I've heard it said that pigeons are doves on steriods!

Actually, they are all "columbiformes", the family of pigeons and doves. So, yes, they're the same thing, in the sense that Budgies and Senegals are both the same thing--they are of the parrot family. But appearances aside, the temperament between the two is like night and day, believe me! We have both. 

Of course, there are always anomalies...

Judy and I keep Diamond Doves--the tiniest of doves. They are sweet, pretty, and make a pleasant sound.

And then there is Bernie, our rehabbed male pigeon. Bernie suffers from an excess of personality. And with a street value of virtually zero, he is far and away our favorite bird. It is no contest. Bernie Rules! He is the only bird out of twenty not to be caged in our home. We use a lot of kleenex... Oh, in his case, it's true about the droppings.

Our very own Terri has a very sassy Ring Neck Dove named Lovey. When last I heard, Lovey holds her own against Dinky, Terri's rescued feral pigeon, very well indeed. And the Dinkster is no slouch!

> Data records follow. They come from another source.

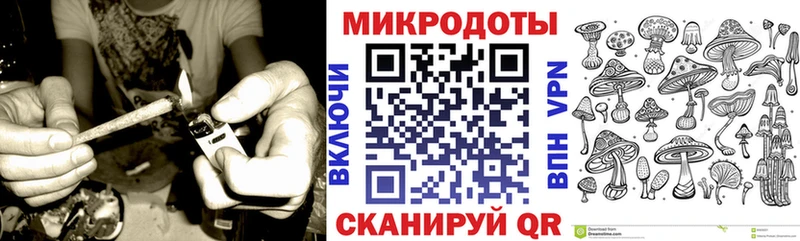 Псилоцибиновые грибы Cubensis  Белая Калитва 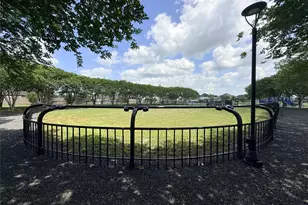 20927 Secretariat Mdw Ln, Tomball, TX 77377 - Photo 40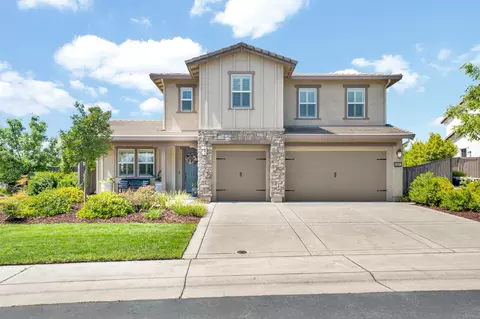 951 Anvil Cir, Rocklin, CA 95765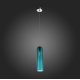 Подвесной светильник ST Luce SL1145.183.01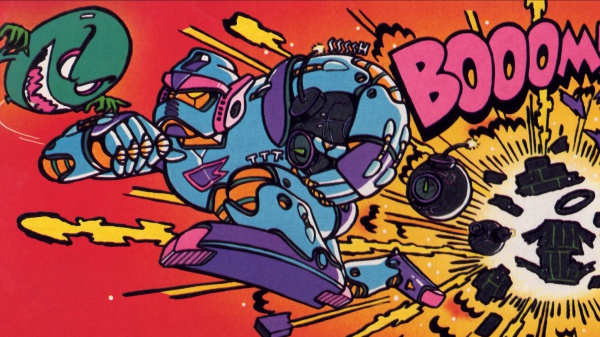 A placeholder image for the article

Again, there are always anomalies. Bernie and Lovey are two examples. 

Pics of Dinky, Lovey and Bernie are up on the Member's Gallery of this website.

Welcome aboard!

--Ray


----------



## Darrell (Feb 3, 2002)

Diane, I have Diamond, White and Ringneck doves. The diamonds are the least messy. They are wilder than the white or ringneck and seem to be harder to raise. You can tame the white or ringneck just by handling it, feeding it bread, etc. Some breeders keep the birds in a 2x2x2.I keep mine outside and the large birds, white and ringnecks can withstand colder weather than the diamonds without any problems. You can buy the wild bird mix at Walmart for $5 for 25lbs. This seems too work fine.I'll add a quality bird mix and grit also. If you have any questions just email me and I will answer any question I can. Good luck with your bird if you buy it, Darrell


----------



## critterlover2 (Jan 15, 2001)

Hi Diane,

Well seems everyone has given you alot of good advice on getting a dove
 






All the ins and outs. I just wanted to share some personal info on my Lovey.

Ray is right in that I have a RN dove and I wouldn't trade her for the world! She is incredible sweet and loving. I found her sitting in the driveway of a mortuary, of all places. She wouldn't move and I was afraid of scaring her off but she just sat their looking at me. It was in the dead of summer so I kind of figured she was pretty thirsty. She made no move as I picked her up and we became best pals ever since.

She thinks she a big bad bird. She kicks Dinky's hind end and Dinky is at least twice her size!

Since she has free reign over the house she feels she is entitled to everything and anything she wants, and deservedly so, she gets it
















She makes beautiful sounds, her giggles and coos are so sweet. When she's not setting on eggs she hitches a ride on my head or shoulder everywhere I go and loves to preen my hair and give kissy-kisses.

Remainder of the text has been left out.